LGBTQ and cishet respondents reported similar frequencies of abuse and violence; 24% of LGBTQ people and 21% of cishet people said they were hit, beaten, attacked or sexually assaulted. Sixty-six percent of respondents said they were verbally insulted or abused, 45% reported being threatened with violence and 37% said they were robbed or experienced vandalism. Ninety percent of respondents said they thought this violence and harassment resulted from their registry status. Twenty-four percent of LGBTQ respondents said that they experienced violence and harrassment because of their sexual identity; 4% cited their gender expression and 1% their HIV status as the cause of their violent experiences. 

Nearly a third of respondents said they were experiencing fair or poor overall health due to being on the registry, with about 40% saying they experienced high instances of psychological turmoil. Just over 70% of respondents reported suicidal ideation throughout their life; 77% of LGBTQ people said they experienced suicidal ideation and 69% percent of cishet people reported the same. A large portion of respondents said that they attempted suicide, including 34% of LGBTQ people and 24% of cishet people having attempted suicide at least once.

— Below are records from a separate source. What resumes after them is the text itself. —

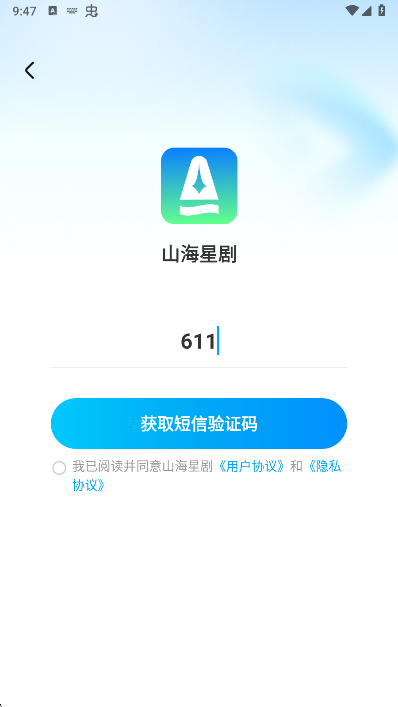 ɽǾ糡appٷ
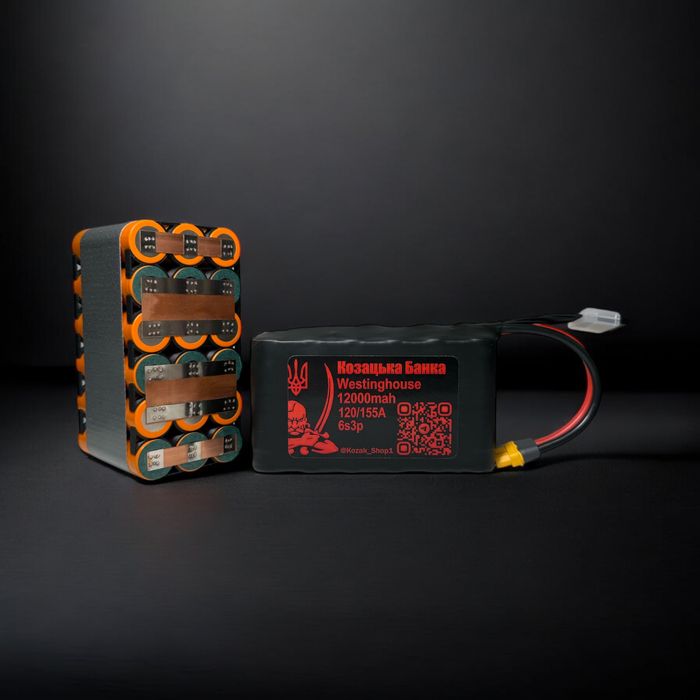 Акумулятор для FPV (ФПВ) дрону 6s3p Li-Ion Westinghouse, 12000mAh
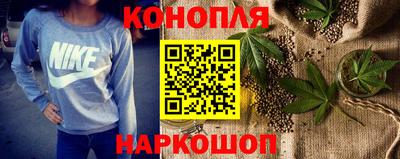 мефедрон VHQ Донецк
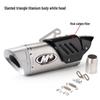Ninja ZX6R, ZX10R, R1, MT09 Street & Off-road Motorcycle Exhaust Pipe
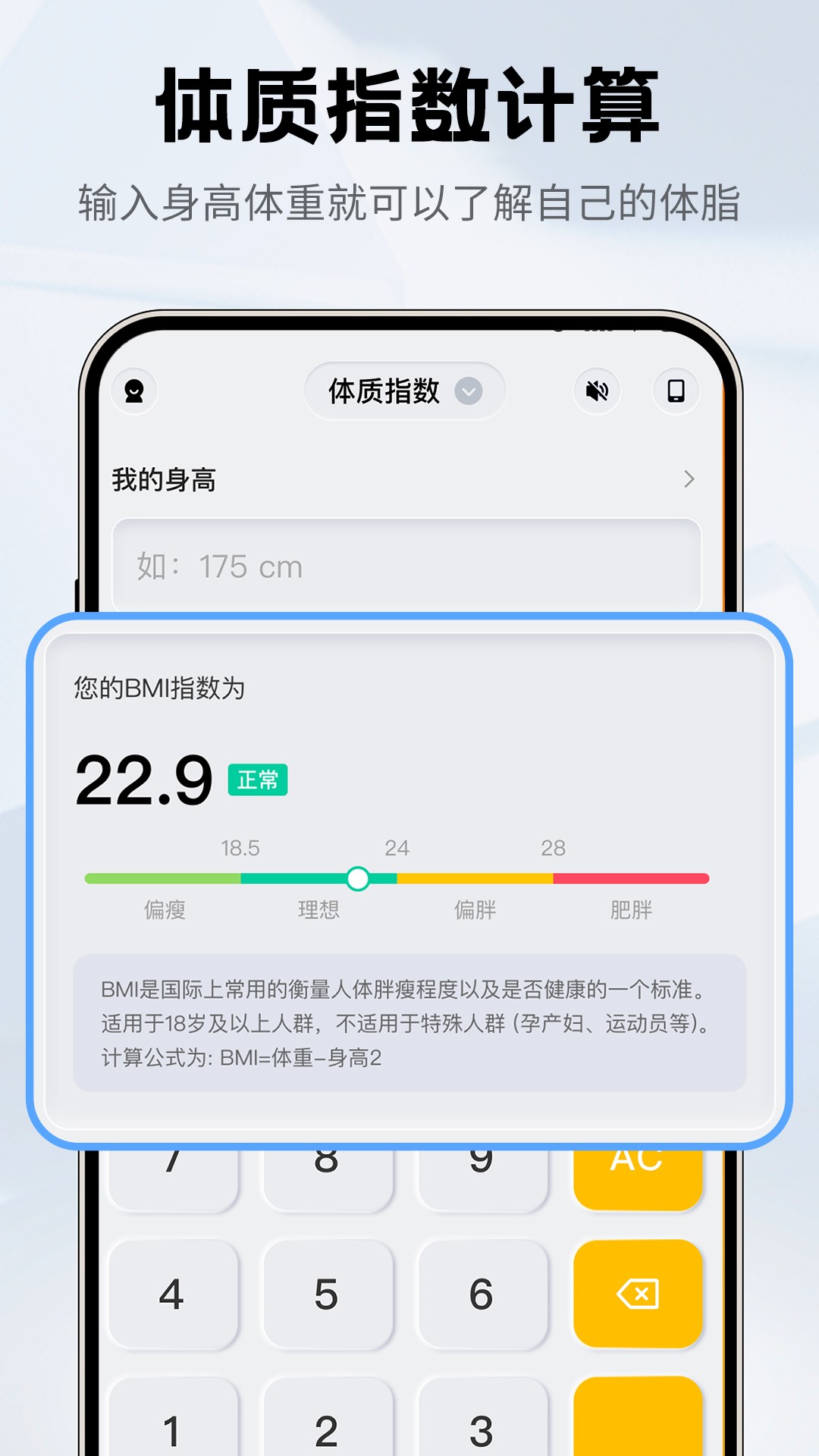 安卓计算器免费(图3)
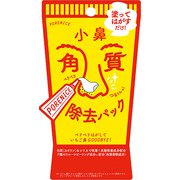 ポアナイス 小鼻角質除去パック [角栓・ノーズケア]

Another anonymous quote from the webinar reads: “I want to die so f***ing bad everyday because they took my life from me for losing my virginity during consensual sex.”

The speakers in the webinar include Ilan H. Meyer, distinguished senior scholar of public policy at the Williams Institute; Lara Stemple, assistant dean of Graduate Studies and International Student Programs at UCLA Law and Tryone Hanley, director of Racial and Economic Justice Initiatives at the National Center for Lesbian Rights. 

They presented the survey’s results, provided background information on how the criminalization of LGBTQ bodies and same-sex intimacy leads to disproportionate inclusion of queer and trans people on SOR and shared anonymous quotes from survey participants.  

“Policy makers have used the stereotype of the gay male pedophile, a stereotype that has shown to be false, but has been used to gain support in criminalizing the actions of LGBTQ people,” Meyer said in the webinar. “In recent months, I would say, we’ve seen an even greater use of this language.”

In his presentation, Hanley discussed the likely reversal of Roe v. Wade, and how that sets a precedent for the potential reversal of other laws passed by the Supreme Court, like Lawrence v. Texas, which reversed the criminalization of same-sex intimacy. All three presenters pointed out the overrepresentation of BIPOC people in prisons, and Hanley discussed that when it comes to the criminalization of LGBTQ bodies, Black and Brown queer and trans people tend to be targeted the most. 

“This is a really important intersection of race,” Hanley said in the webinar. “That if we see parts of this country that are moving back to a world in which they’re actively trying to criminalize queer and trans people for our sexuality, that’s going to be queer and trans people of color who are going to bear the brunt of that.”